Plañideras y ‘groupies’ virtuales
Conozco a dos personas encantadoras que trabajan para un gran grupo editorial, apartado redes sociales, y cuyo cometido, según me explicaban el otro día, consiste en lo siguiente: crean perfiles falsos en la red, es decir, cada uno dirige a unas decenas, digamos, de falsos usuarios que, primero, hacen amigos, manifiestan sus gustos literarios, se crean una red y, luego, pasado un tiempo, lanzan desaforados elogios de los productos editoriales de ese grupo, incitando a su compra o lectura. Cosas como “¡qué libro más bueno! ¡No pude parar de leerlo!”, o “desde Harry Potter que una novela no me enganchaba tanto” o incluso “es mucho mejor que X, este realmente ha entendido de qué va el tema”. Porque también, como aquellas plañideras que la gente pagaba para llorar en los entierros, pueden ser requeridos para lamentar la baja calidad de los productos de la competencia aunque mis amigos, muy dignos, me aseguran que ellos eso no lo hacen.
Por eso no me sorprendió mucho –sólo un poco, porque no imaginaba la magnitud de la tragedia– escuchar, el pasado jueves, en el Congreso de Periodismo Cultural celebrado en Santander, a la experta Marta Peirano desgranar los mecanismos con que algunas grandes empresas –básicamente, de EE.UU. y Rusia– intentan manipular a la opinión pública, usando para ello los ingentes datos que millones de usuarios hemos regalado a Facebook, Google y otros gigantes. Para difundir ciertas ideas falsas –como que Obama es musulmán– se centran en aquellas personas que han detectado, espiando su conducta y búsquedas en las redes, que son más susceptibles de morder el anzuelo de una teoría conspiranoica. A mí, cuando me venían con la cantinela de los espías y bots rusos, siempre pensé que exageraban pero, tras haber escuchado atentamente tantas evidencias, ahora hasta sospecho del camarero que me sirve un café con leche mientras mira de reojo lo que escribo. ¿Será, en realidad, un agente moscovita?
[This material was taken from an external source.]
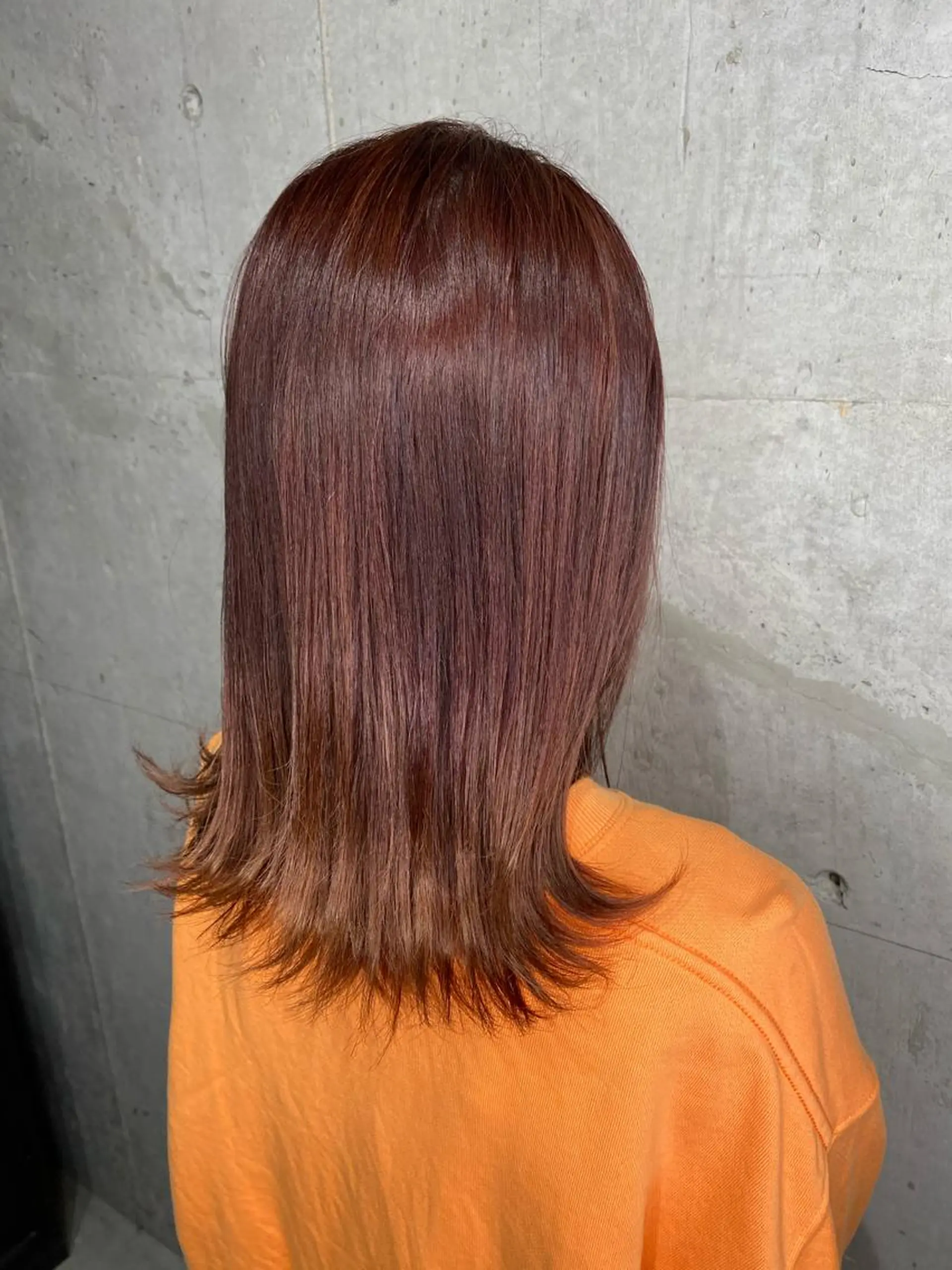 セミロング カラー ブリーチ カシス ピンクカラー 日野 めぐみのヘアスタイル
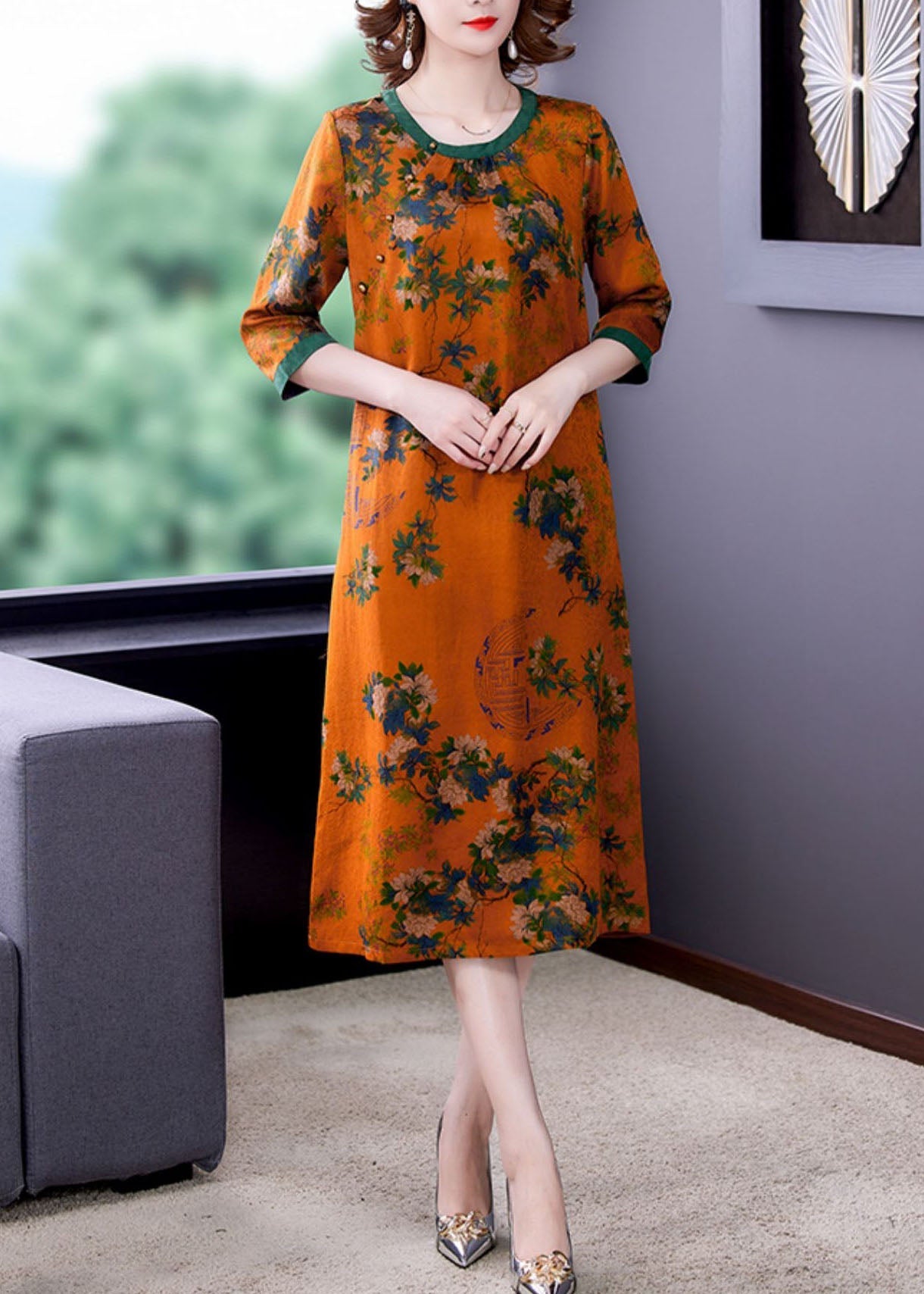 A Vintage Style Dress with Delicate Timeless Details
Me van a permitir que no identifique a mis amigos ni al gran grupo editorial que contrata sus servicios. No me gustaría que, por mi culpa, en este mundo laboral precario que les hace –y nos hace– cada vez más vulnerables, perdieran una de sus fuentes de ingresos más estable. Pero sí es mi deber advertirles de que estas cosas suceden para que, a la hora de buscar prescriptores, o recomendaciones culturales, no les den gato por liebre. Y que, si sus decisiones políticas cambian debido a un impulso emocional por algo que han visto de repente, se hagan esa pregunta clásica del viejo periodismo: ¿y esto, a quién beneficia?